Leadership
The One Thing You Can Never Get Wrong in Kids' Ministry
100 Strong · June 30, 2026
Photo by AMONWAT DUMKRUT on Unsplash
I want to start with a sentence that may feel heavy, but it is the truth: nothing in your church matters more than the safety of a child. A single incident can unravel everything you have built, and far worse, it can wound a child for the rest of their life.
Here is the tension small churches feel. Your volunteer bench is thin. It is Sunday morning, you are short a helper, and you think, "It is just for an hour, and we all know each other." That feeling, that quiet shortcut born of trust and scarcity, is exactly the gap that abusers look for. The smallest churches are often the most exposed, not because they care less, but because they are stretched the thinnest.
So let me say this plainly and kindly: child protection is not a program you add once you grow. It is the foundation you stand up before you grow. Think of it as the floor under the room, not the decoration on the wall.
One important note before we go further: this is not legal advice. Background-check rules, mandatory-reporting duties, and ratio standards vary by state, denomination, and insurer. Every written policy must be reviewed by your insurance carrier and a local attorney, and it must follow your denomination's standards and state law. Where I mention a specific number below, verify it locally before you rely on it.
Why this is a gate, not an upgrade
Beyond the moral weight, there is a hard financial reality. Insurers typically require child-protection policies (background checks, the two-adult rule, and so on) as a condition of abuse-liability coverage. In plain terms, your church cannot be properly insured to run a kids' ministry until this baseline exists. You do not get to skip it and circle back. It is the prerequisite.
The two-adult rule, no exceptions
Never leave a child alone with a single adult. Two screened adults should be in every room at all times. No one-on-one meetings behind closed doors. This protects children, and it also protects your volunteers from false accusations.
And yes, this includes the pastor. No exceptions means no exceptions, all the way up. If you genuinely only have one adult available, keep the door open and have another adult checking in regularly until you can fix the staffing.
Screen everyone, before they serve
Everyone who works with children gets screened. Regular volunteers, occasional helpers, staff, and the pastor. There are no special people who get waved through.
- Collect a signed application and background-check authorization, plus references.
- Run, at minimum, a national criminal database check, a sex-offender registry check, and an SSN trace.
- Budget roughly $10 to $25 per check.
- Review results before anyone serves, and re-check every two to three years.
Auto-disqualifiers include any conviction or pending charge for child abuse, neglect, or sexual offenses. That line does not move.
Secure check-in and check-out
Use matching identifiers. The parent and the child each receive a matching numbered tag, and the child is released only to the person holding the matching identifier. Capture allergy and emergency-contact details at check-in. You can absolutely start on paper with numbered stickers and move to a digital system as you grow (those typically run about $20 to $100 per month). Start simple, but start.

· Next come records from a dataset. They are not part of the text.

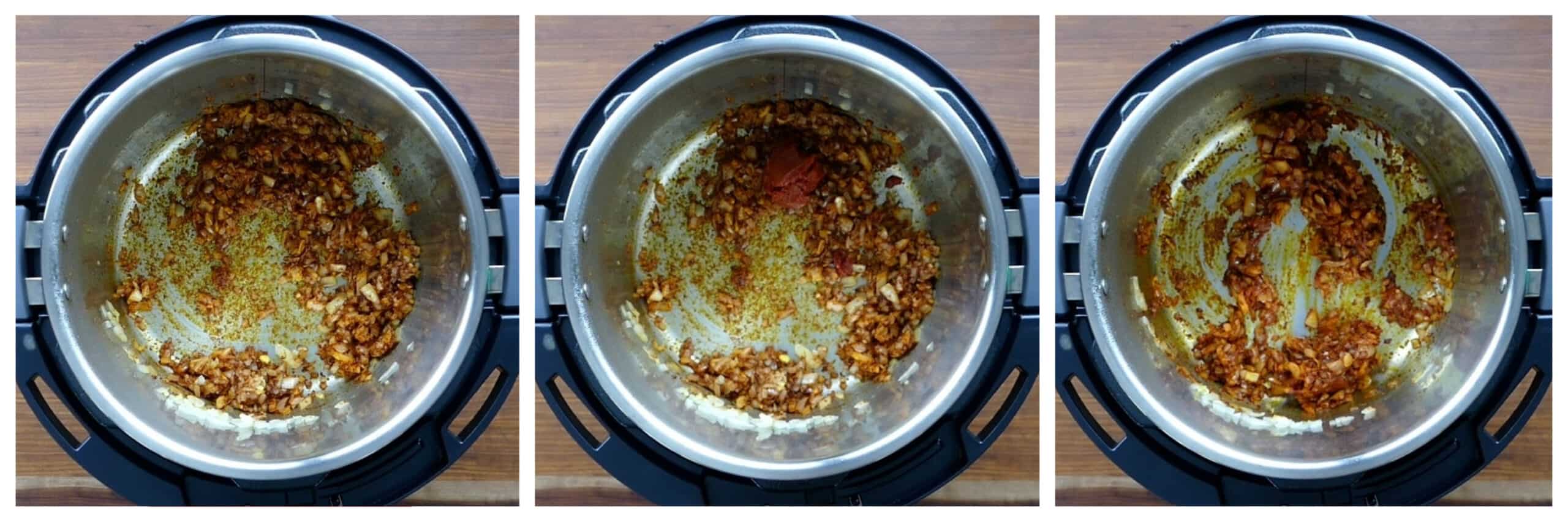 Instant Pot Misir wot instructions collage - onion mix sauteed, tomato paste added and stirred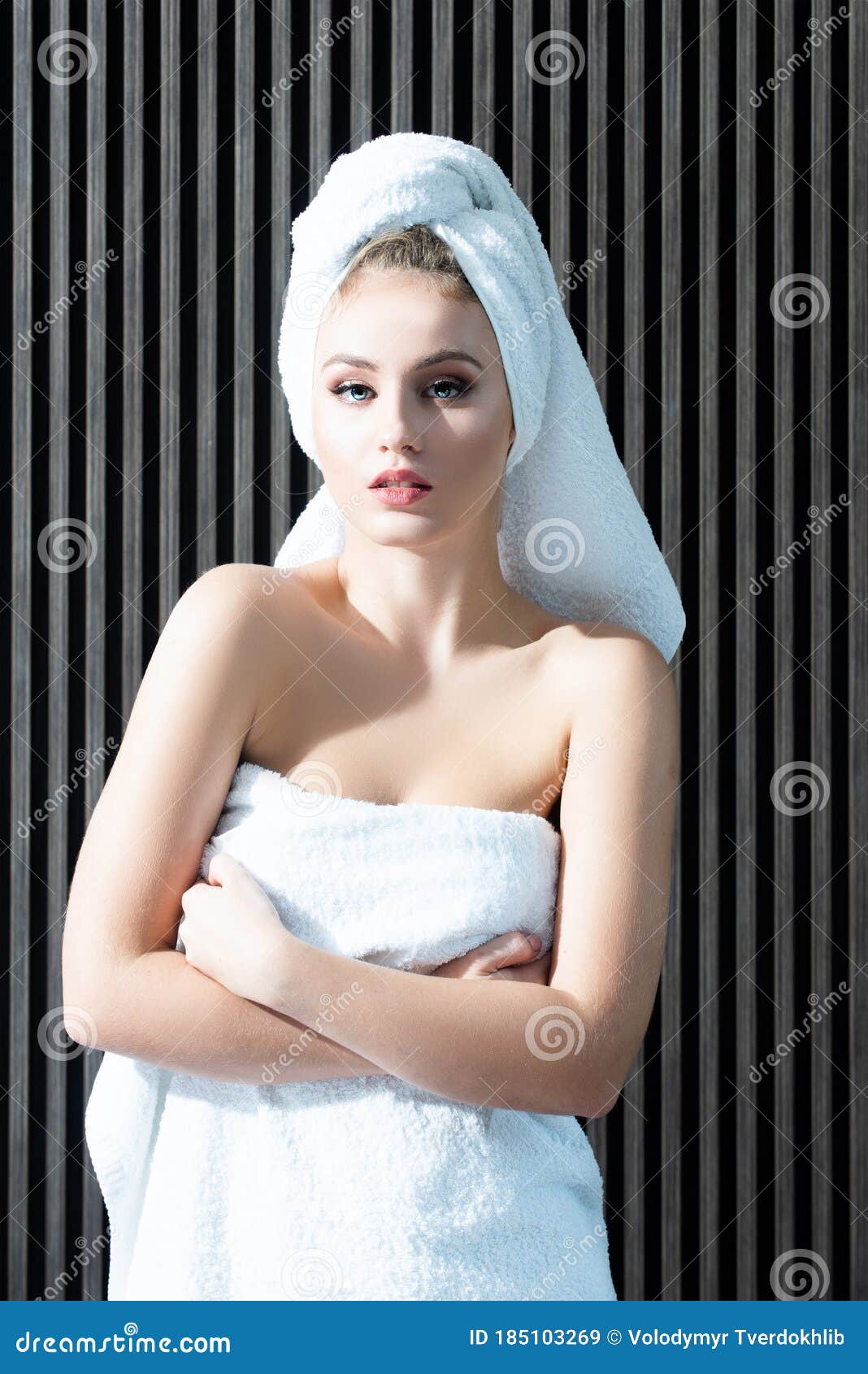 Young Woman In Towel On Head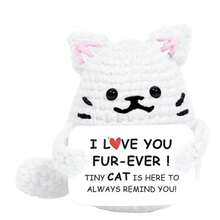 1件手工编织毛绒玩偶挂饰，充满正能量的鼓励话语，也可作为小礼物送给亲朋好友。可爱的编织玩具非常适合摆放在家中的客厅和书桌上，作为生日礼物或房间装饰的装饰品。可爱的玩偶礼物设计和鼓励的话语温暖又甜蜜！这些可爱的玩偶将永远是你的朋友，它们会让你感到轻松快乐！ - 彩色 - 查看 14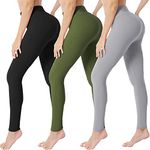 VALANDY Ladies 3 Pack Women's High Waist Full Length Leggings Soft, Plus Size Yoga Pants Tummy Control Footless Tights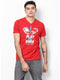 Men Red V Neck Smart Fit T-Shirt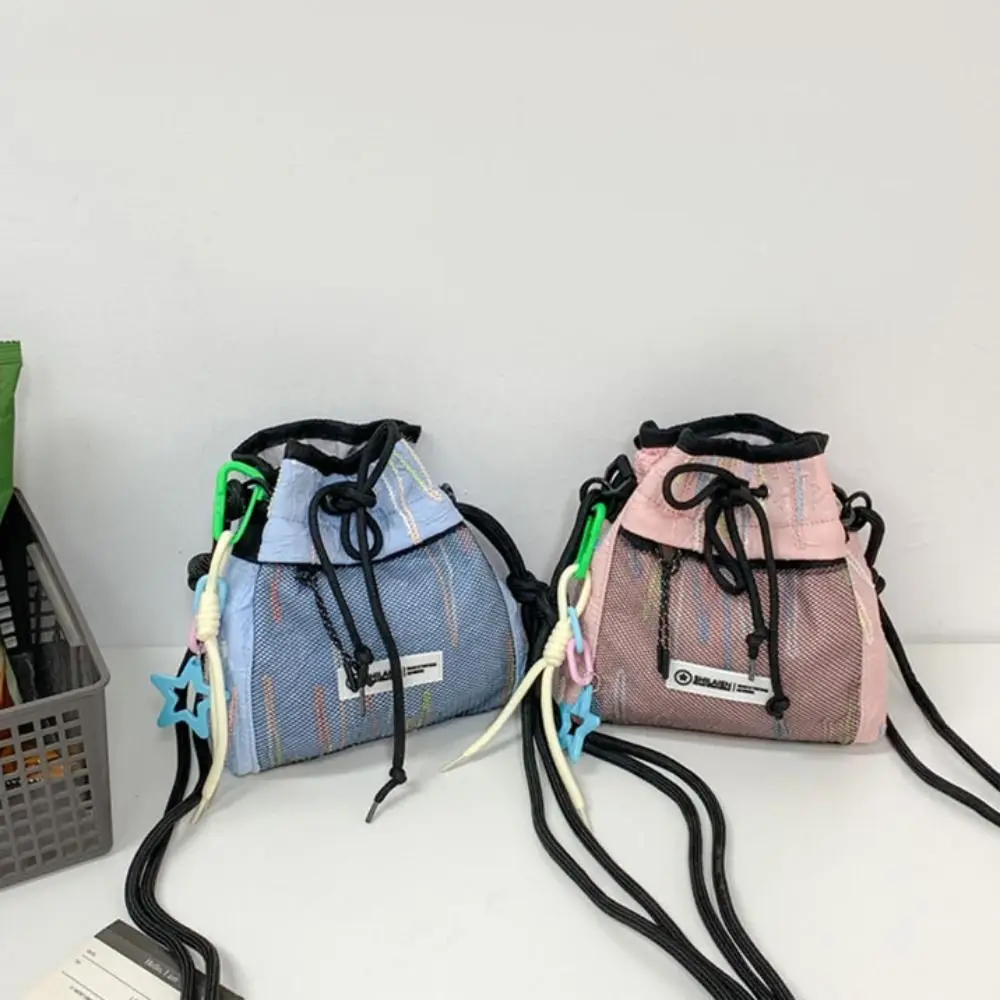 Veelzijdige Nylon Trekkoord Crossbody Tas Vierkant Geplooide Heren Messenger Bag Lichtgewicht Koreaanse Stijl Mini Emmer Tas Dames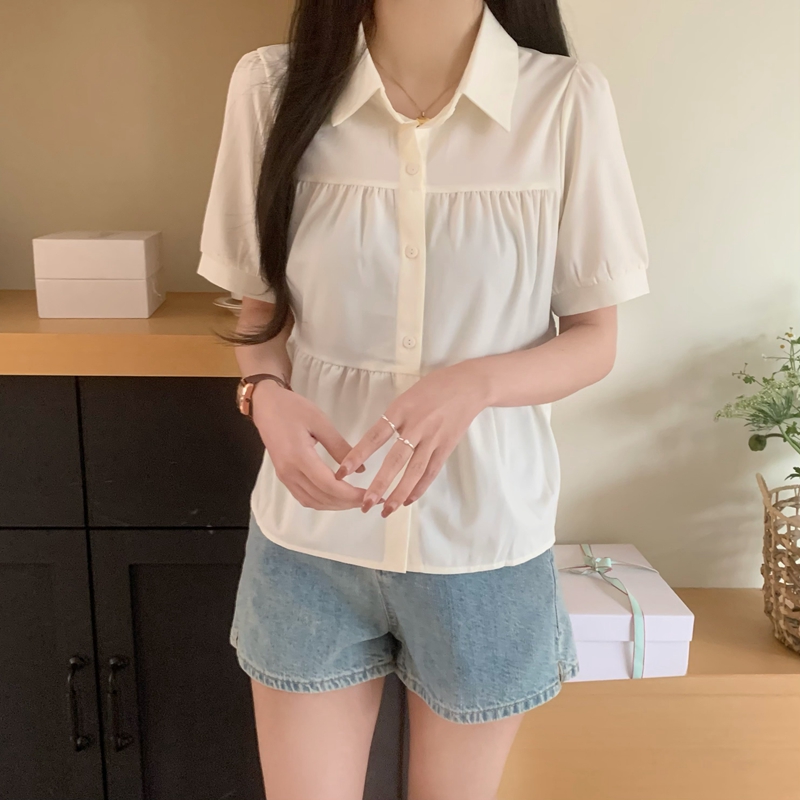 實拍 杏色短袖娃娃衫女夏2024新款寬鬆泡泡袖遮肚子收腰襯衫上衣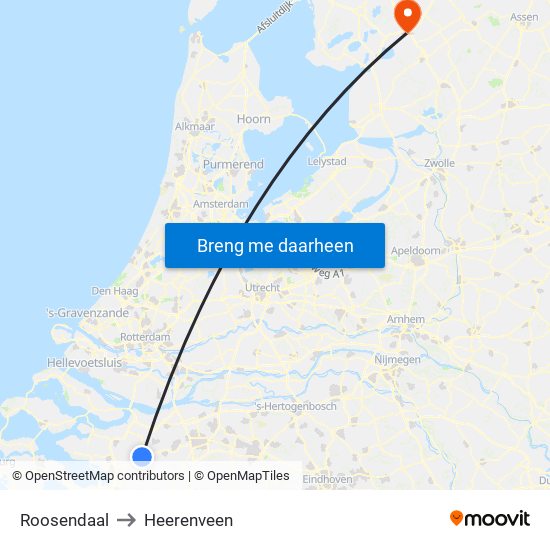 Roosendaal to Heerenveen map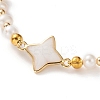 Natural White Shell Star Link Bracelets BJEW-JB05780-02-2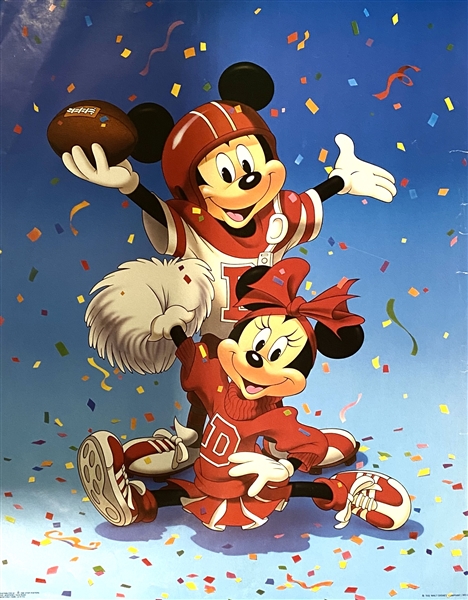 Vintage Disney Mickey Mouse And Minnie Mouse Cheering Print / Poster 28x22"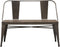 Industrial Style Metal Dining Side Bench with Bamboo Wood Seat, Brown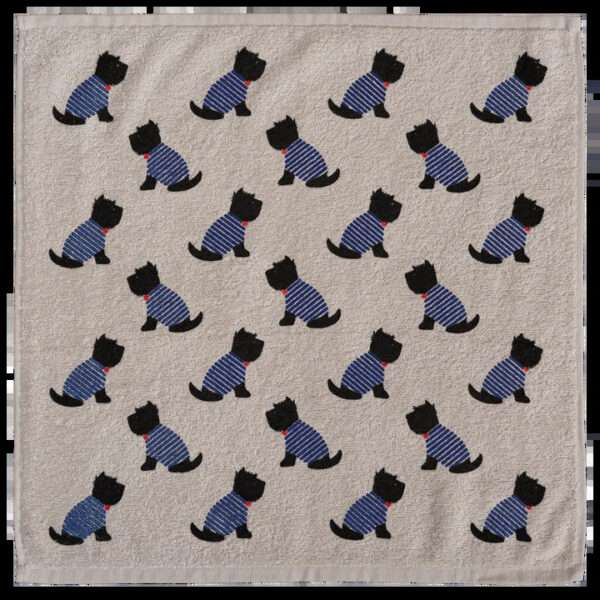 Paño de felpa estampados de perros gris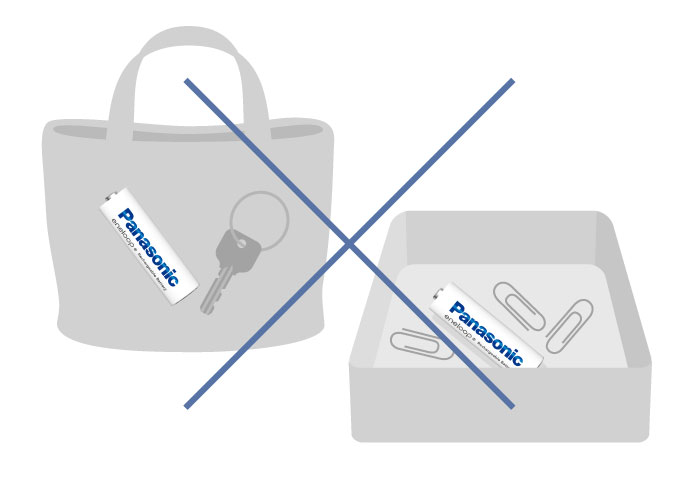 NG持ち運び例のイラスト：鍵やクリップなど、金属類と一緒に持ち運んだり保管しない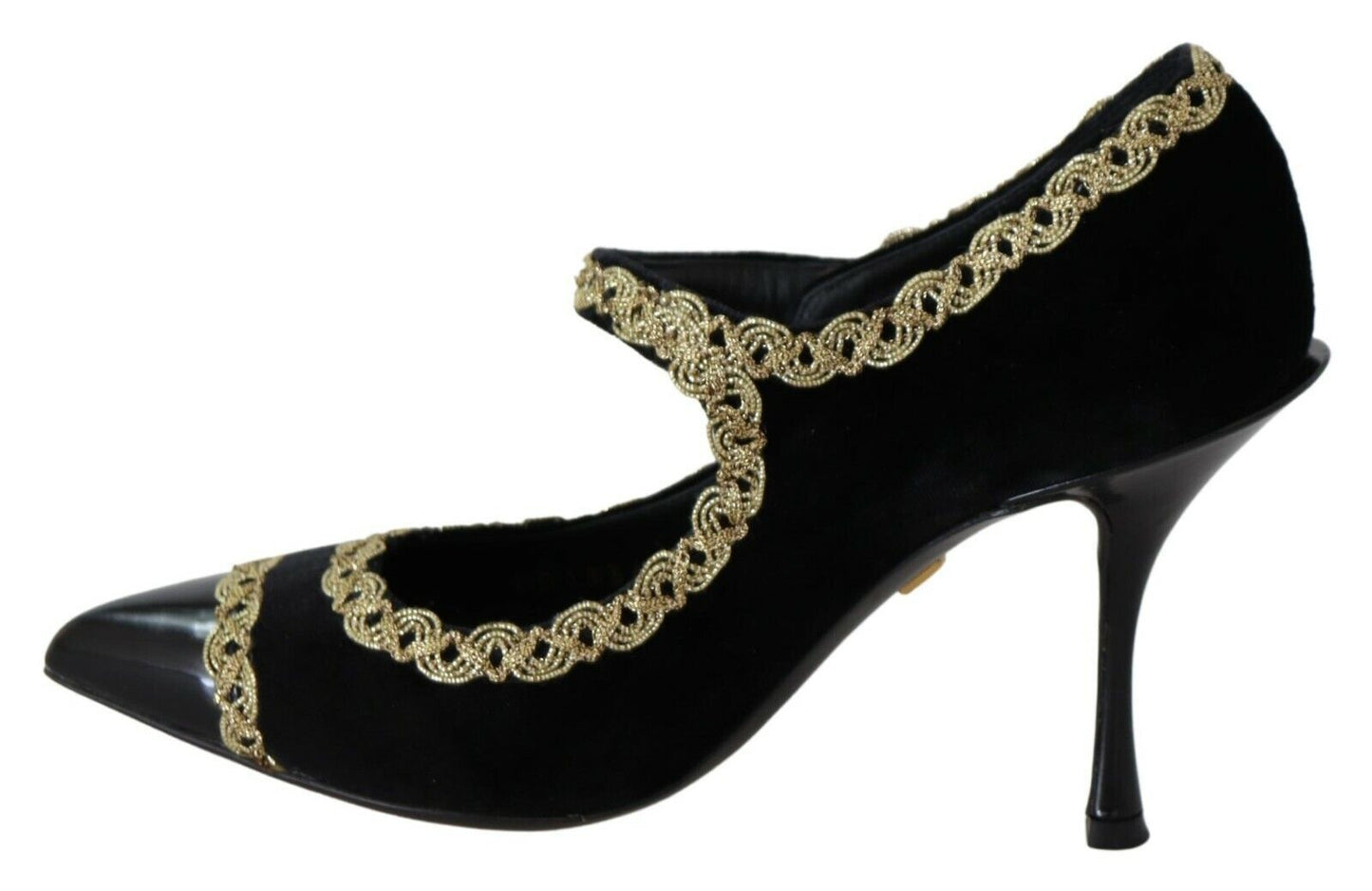 Dolce &amp; Gabbana Elegant pumps in black velvet with gold embroidery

Create your free 100 Strong account to turn ideas like these into a clear plan. Track your weekly numbers, get a personalized next step, and walk the proven path to 100+ members. No cost, ever.
Create my free accountMake every room visible
Visibility is itself a prevention control. Windows or half-doors that allow a clear line of sight into every room. Open-door, open-window practices. Secure entry and exit points so a child cannot wander out and a stranger cannot wander in.
Ratios, illness, and restrooms
Staff to the developmental stage, and never drop below two adults regardless of how few children show up. As a guide from the source: infants (0 to 12 months) roughly one adult per two to three babies, and toddlers (12 to 24 months) roughly one adult per three to four. For older ages, set ratios to your state and insurer standard.
Post clear illness rules and empower volunteers to graciously decline a clearly sick child: no fever, vomiting, or diarrhea within the last 24 hours. For restrooms, either two adults accompany the child, or one adult keeps the door open with another nearby. Never a single adult alone with a child in a restroom.
Train every volunteer as a mandatory reporter
In most states, anyone working with children is legally obligated to report suspected abuse. This is required, not optional. Do not investigate in-house. Report to CPS or police, document what you observed, and involve leadership. Train your team on the warning signs and on exactly who to tell, both internally and externally. Verify the precise reporting duty for your state.
Write it down and get signatures
Put it all in one written child-protection policy: screening, two-adult rule, check-in and check-out, illness, allergies, emergencies, and reporting. Have each volunteer sign that they have read and understood it, and keep those signatures on file. Then have the policy reviewed by your insurer and a local attorney, and aligned to your denomination's standards.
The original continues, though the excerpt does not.